What the exercise asks: Please reproduce all entries word for word, leaving every image behind.

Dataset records

[Start of Attachment]

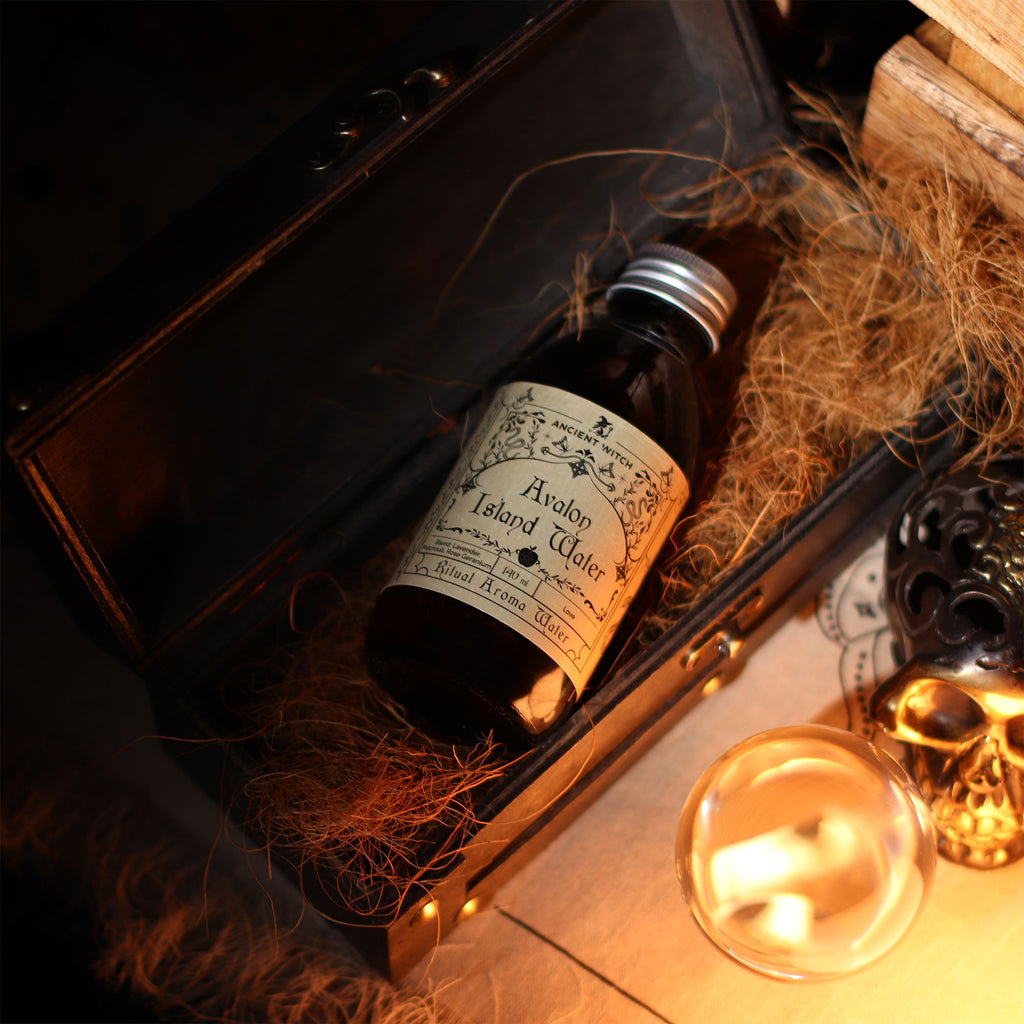 Ancient Witch Ritual Water Avalon Island Elixir for Love and Healing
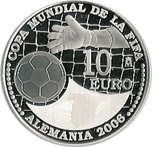 2004 FIFA 10 EUROS ALEMANIA'06 2ª SERIE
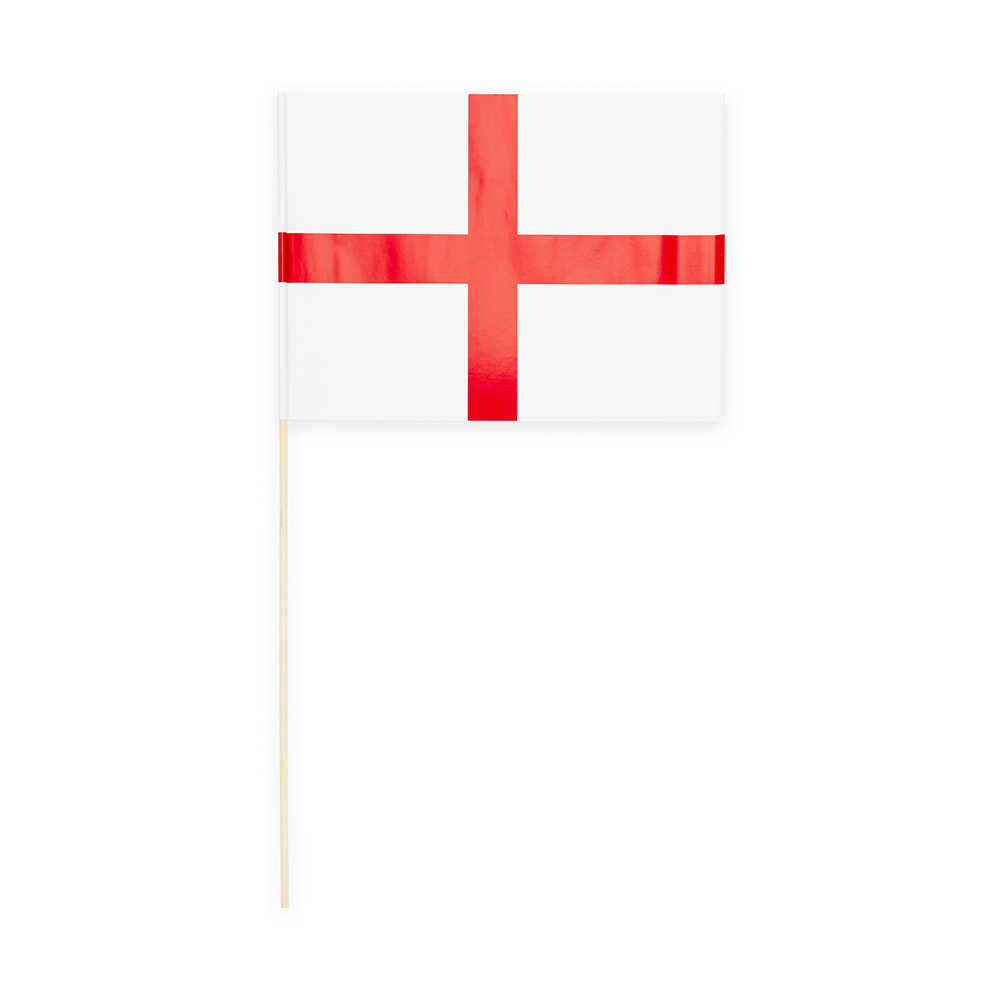 Engelske Flag på Pind – 10 Stk til Festlig Dekoration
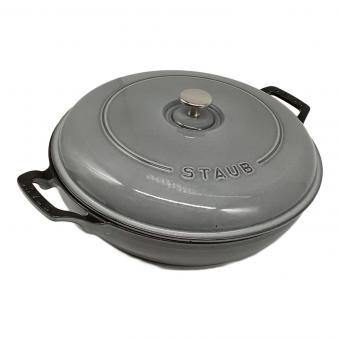 Staub (ストウブ) ソテーパン グレー ブレイザー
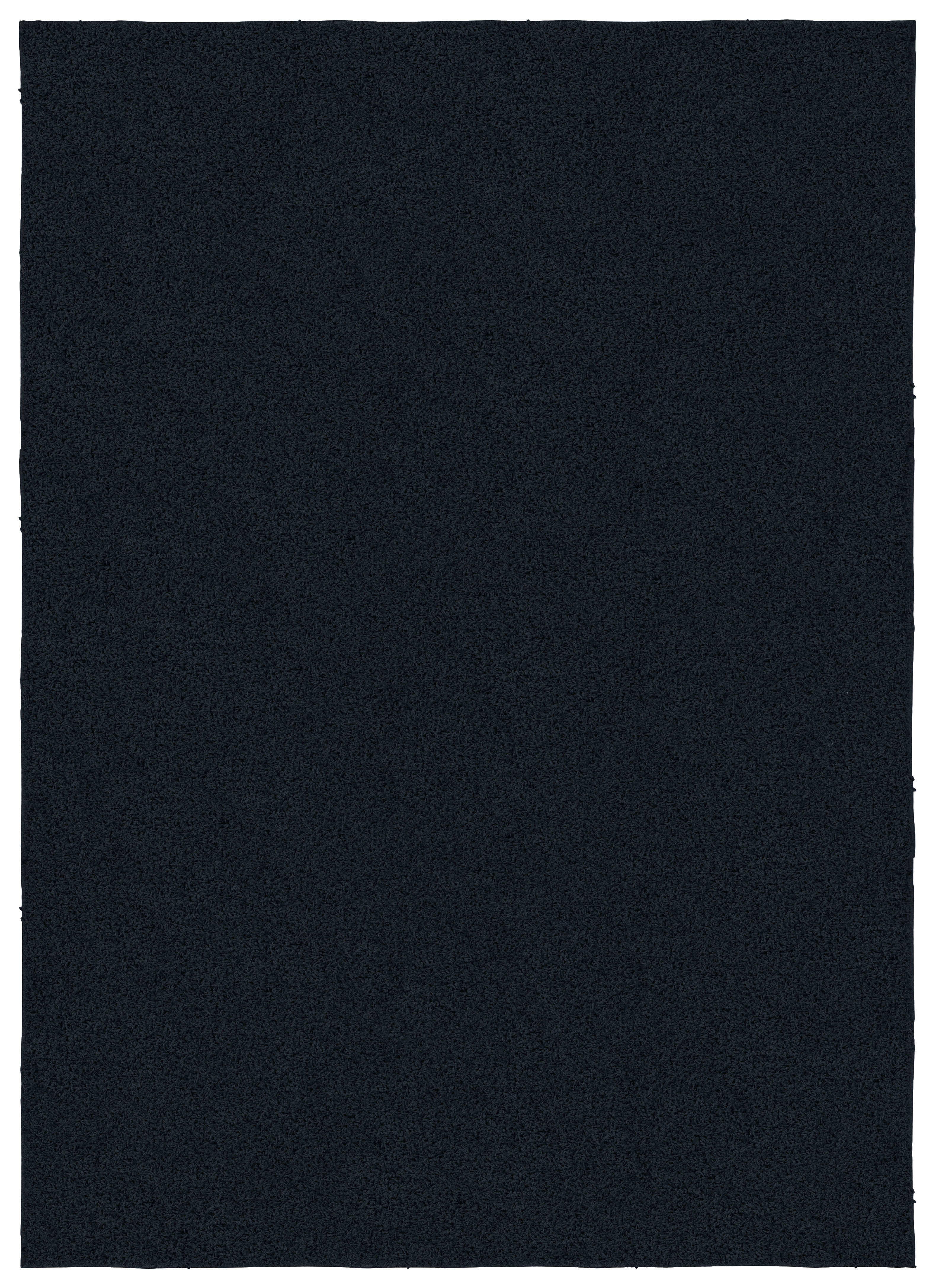 Garland Rug Skyline Shag Navy Indoor Area Rug, 5' x 7'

[End of Attachment]

Problem solution:
 Ancient Witch Ritual Water Avalon Island Elixir for Love and Healing
 2004 FIFA 10 EUROS ALEMANIA'06 2ª SERIE
 Engelske Flag på Pind – 10 Stk til Festlig Dekoration
 Staub (ストウブ) ソテーパン グレー ブレイザー
 Garland Rug Skyline Shag Navy Indoor Area Rug, 5' x 7'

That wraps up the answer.